If you can’t manage at home, you might need to consider making different arrangements until you can care for yourself again. Temporary respite, convalescent care, or even permanent residential care are all options.
You won’t have the same kind of support at home that you had at the hospital, and you’ll need to remember this when you’re discharged. Recovering at home is very different to recovering with medical staff around you all the time, and you’ll quickly realise how much was done for you while you were in hospital.
The first few weeks of your recovery at home are the most critical time. You might get frustrated that it takes so much effort to do the simplest of tasks, and you’re likely to tire easily. Set targets for yourself to help you get back to what you consider your “normal”.
Follow the treatment plan that you were given, take the medication given as prescribed, and keep doing any exercises your physiotherapist gave you. Don’t overdo it, as this can easily set your recovery back, and you might end up back in hospital – which is the last thing you want when you’re at the recovery stage of your illness or injury.

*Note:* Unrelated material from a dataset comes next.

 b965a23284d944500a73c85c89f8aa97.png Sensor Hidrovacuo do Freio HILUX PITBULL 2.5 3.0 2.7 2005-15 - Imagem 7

Remember that everyone recovers at their own pace.
If it gets too much, you might need help from health professionals. Keep in touch with your GP and any health visitors about how you’re feeling and if there’s any extra support that you could benefit from. Having family visitors often wouldn’t hurt, either.
In the case that you need more help to manage your recovery at home, or are thinking of changing your accommodations, contact your GP or your local social services team.
Settling back into your daily life
When you’ve recovered enough to continue some of your previous activities, you may feel differently about some of the hobbies or interests you used to have. It’s completely normal for you to lose interest in some activities and gain interest in others.
You may not want to see all of your friends at once, but one or two at a time can be helpful to getting you back into the swing of things. The best way to handle this situation is to message your friends as a whole and let them know that you’ve been in hospital and that overexcitement isn’t the best thing for you right now.
Your recovery period may be longer than you’re expecting it to be, but as you get better, you’ll be able to take back more and more of your original life until you’re right back where you were before.